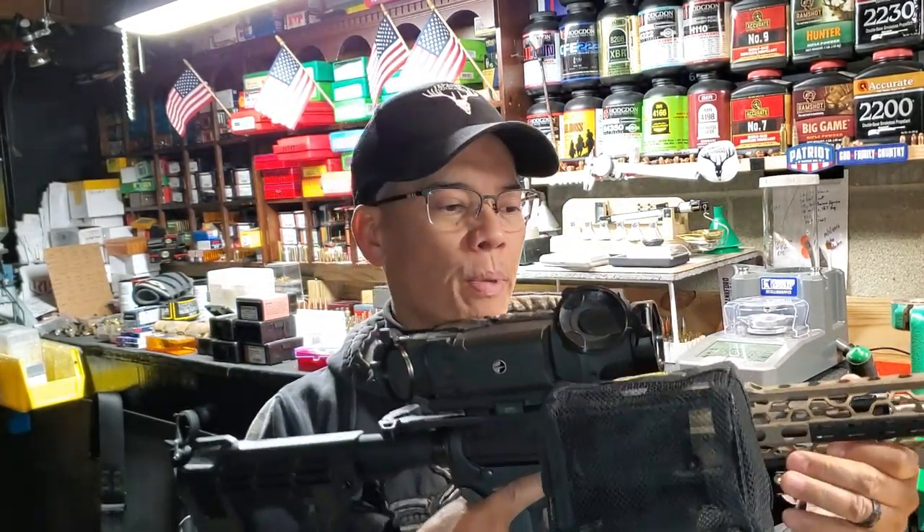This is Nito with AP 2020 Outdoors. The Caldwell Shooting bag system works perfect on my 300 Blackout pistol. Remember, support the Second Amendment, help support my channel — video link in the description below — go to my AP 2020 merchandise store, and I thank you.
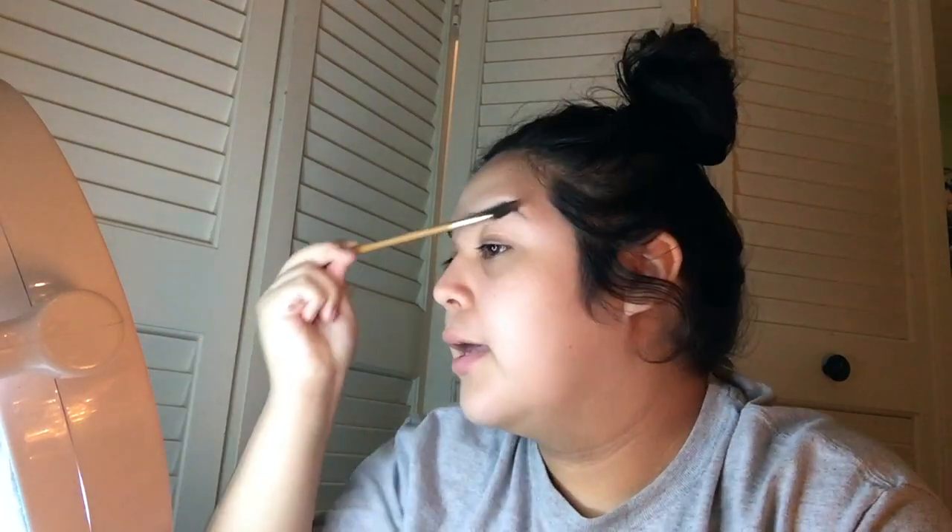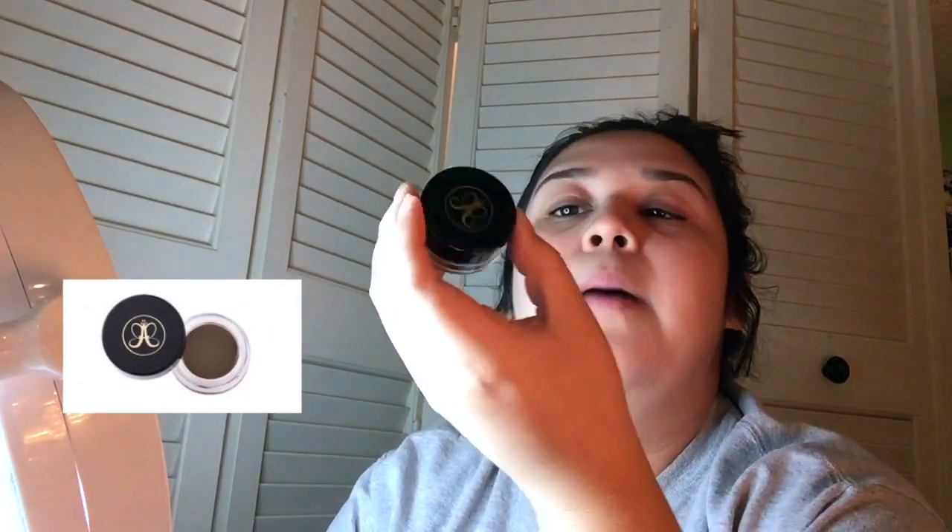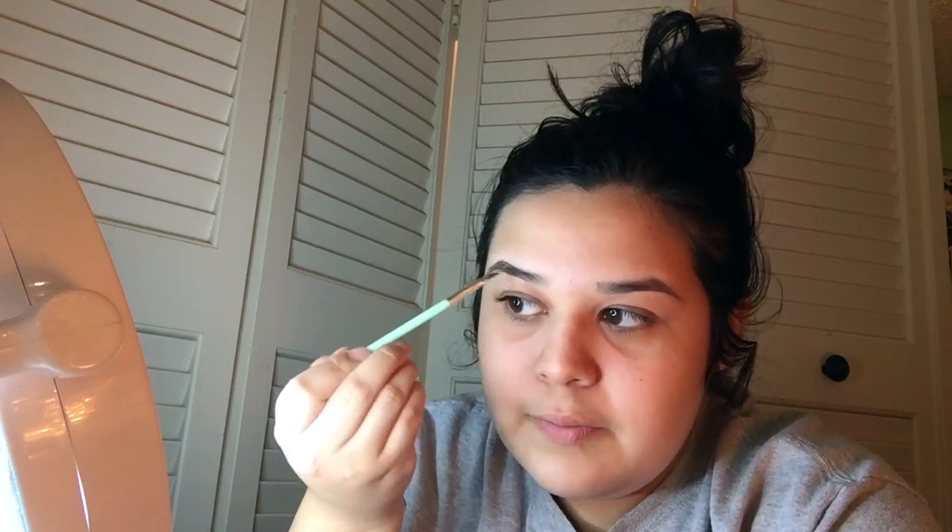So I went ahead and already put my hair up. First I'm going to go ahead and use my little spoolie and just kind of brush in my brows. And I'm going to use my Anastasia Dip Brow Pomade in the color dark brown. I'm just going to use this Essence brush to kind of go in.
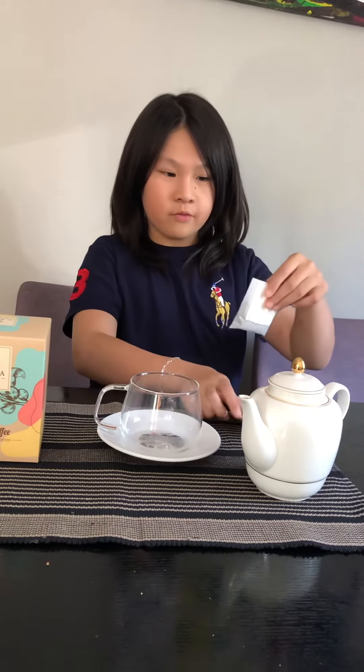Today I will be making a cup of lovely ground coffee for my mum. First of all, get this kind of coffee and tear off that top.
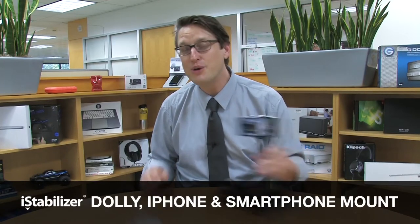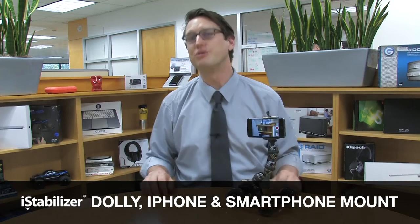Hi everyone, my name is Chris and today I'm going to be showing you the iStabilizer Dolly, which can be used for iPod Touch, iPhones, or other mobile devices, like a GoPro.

----

# Activity:
The lines to repeat run from the line containing "Today I will" through the last line of the material above; give them exactly, without the pictures.

# Task solution:
Today I will be making a cup of lovely ground coffee for my mum. First of all, get this kind of coffee and tear off that top.
Hi everyone, my name is Chris and today I'm going to be showing you the iStabilizer Dolly, which can be used for iPod Touch, iPhones, or other mobile devices, like a GoPro.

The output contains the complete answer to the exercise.